Posted Dec 2, 2011 19:10 UTC (Fri) by dlang (✭ supporter ✭, #313) [Link]

I've had to do fsck on multi-TB filesystems after unclean shutdowns, they can take a long time, but time measured in hours (to a couple days for the larger ones). I suspect that if you are taking months, you have some other bottleneck in place as well.

And this is relevant to ext4... exactly how?

Posted Dec 3, 2011 0:40 UTC (Sat) by walex (subscriber, #69836) [Link]

An unclean shutdown is usually not that damaged, which can however happen with a particularly bad unclean shutdown (lots of stuff in flight, for example on a wide RAID) or RAM/disk errors. The report I saw was not for a "enterprise" system with battery, ECC and a redundant storage layer.

And this is relevant to ext4... exactly how?

Posted Dec 2, 2011 21:41 UTC (Fri) by nix (subscriber, #2304) [Link]

This has been wrong for years.
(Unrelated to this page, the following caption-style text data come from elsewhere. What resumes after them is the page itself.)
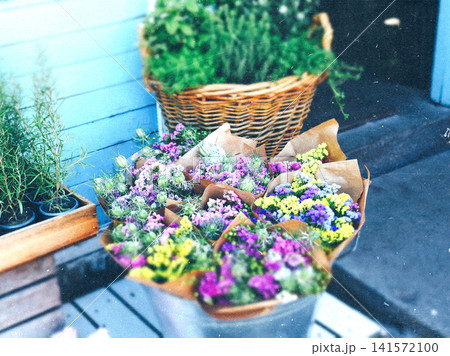 Fresh handmade flower bouquets displayed at a local flower shop with herbs and wicker baskets. Rustic floral market scene, cottage garden charm. 141572100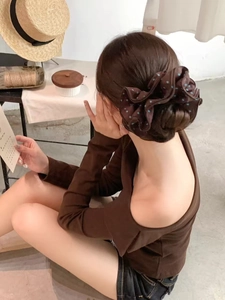 Detailed view of a brown polka dot satin hair scrunchie styled on a bun for women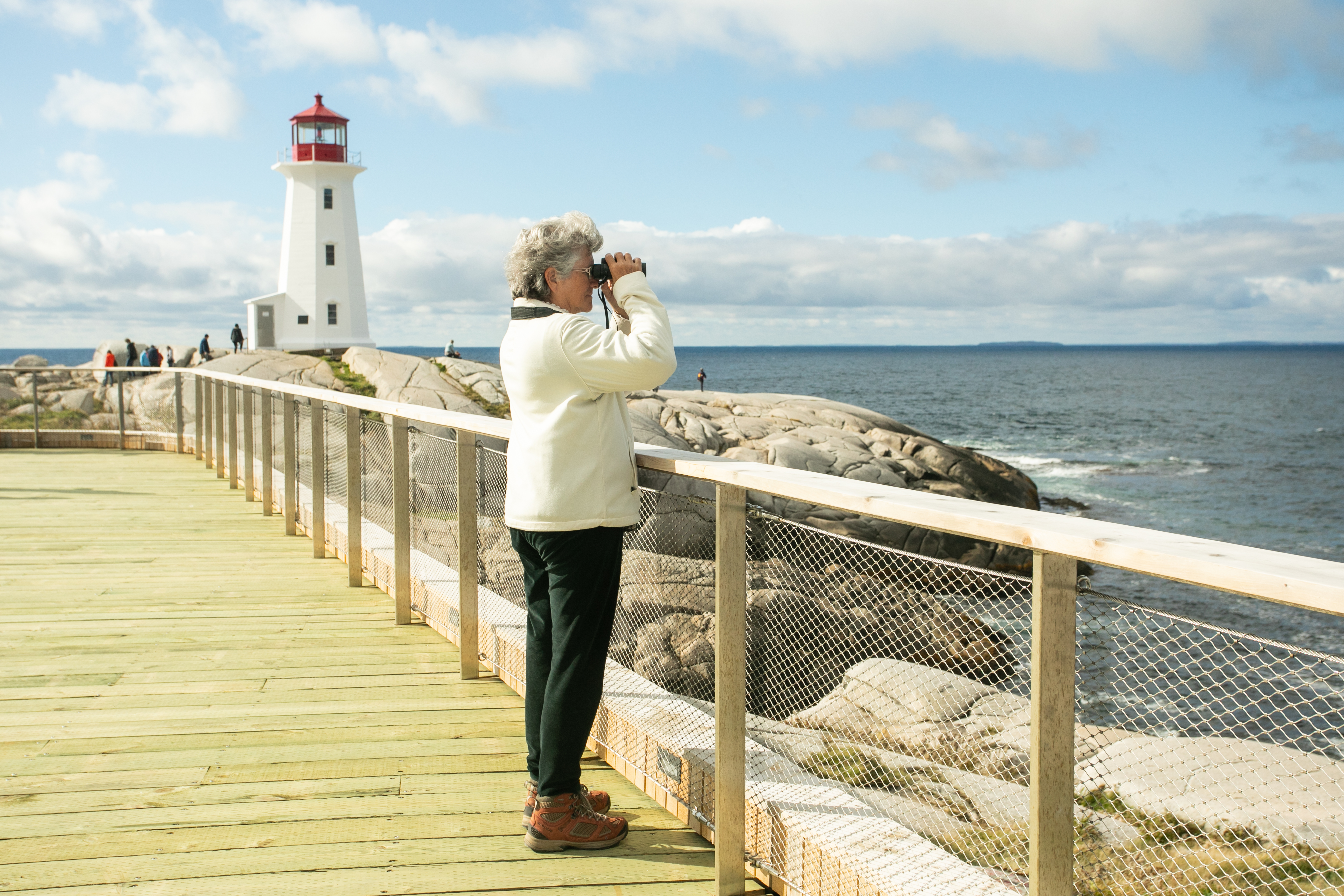 Person with short grey hair on the Peggy's Cove viewing deck using binoculars to look out at the ocean. The white and red lighthouse is in the background.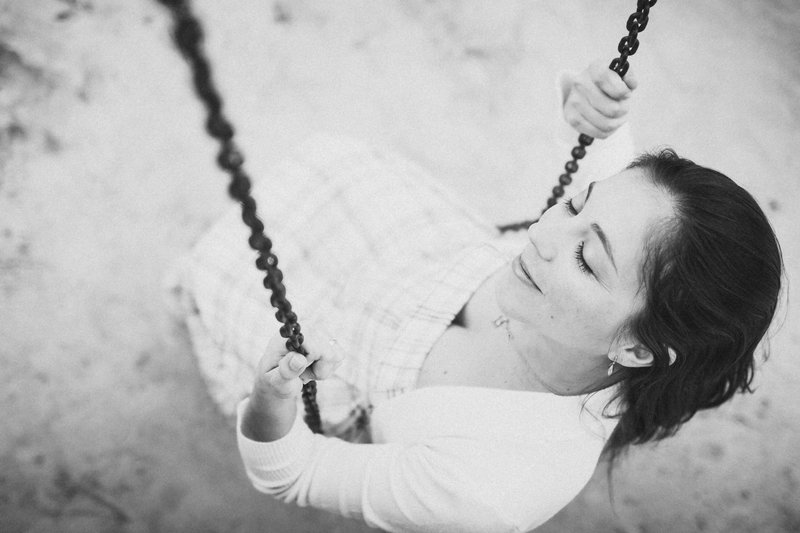 Retrato em preto e branco de uma mulher sorrindo delicadamente. A foto é feita de um ângulo de cima e ela está em um balanço, segurando as correntes.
As long as your filesystem was built with the uninit_bg option (which it is by default), block groups which have never been used will not need to be fscked either, hugely speeding up passes 2 and 5 (at the very least).

Fill up the fs, even once, and this benefit goes away -- but a *lot* of filesystems sit for years mostly empty. fscking those filesystems is very, very fast these days (I've seen subsecond times for mostly-empty multi-Tb filesystems).

And this is relevant to ext4... exactly how?

Posted Dec 2, 2011 22:45 UTC (Fri) by tytso (subscriber, #9993) [Link]

We could fix things so that as you delete files from a full file system, we reduce the high watermark field for each block group's inode table, which would restore the speedups caused by needing to scan the entire inode table. I haven't bothered to do this, but I'll add it to my todo list. (Or someone can send me a patch; it would be trivial to do this at e2fsck, but we could do it in the kernel, too.)

Not all of the improvements in fsck time come from being able to skip reading portions of the inode table. Extent tree blocks are also far more efficient than indirect blocks, and so that contributes to much of the speed improvements of fsck'ing an ext4 filesystem compared to an ext2 or ext3 file system.

And this is relevant to ext4... exactly how?

Posted Dec 2, 2011 23:35 UTC (Fri) by nix (subscriber, #2304) [Link]

We could fix things so that as you delete files from a full file system, we reduce the high watermark field for each block group's inode table
That seems hard to me. It's easy to tell if you need to increase the high watermark when adding a new file: but when you delete one, how can you tell what to reduce the high watermark to without doing a fairly expensive scan?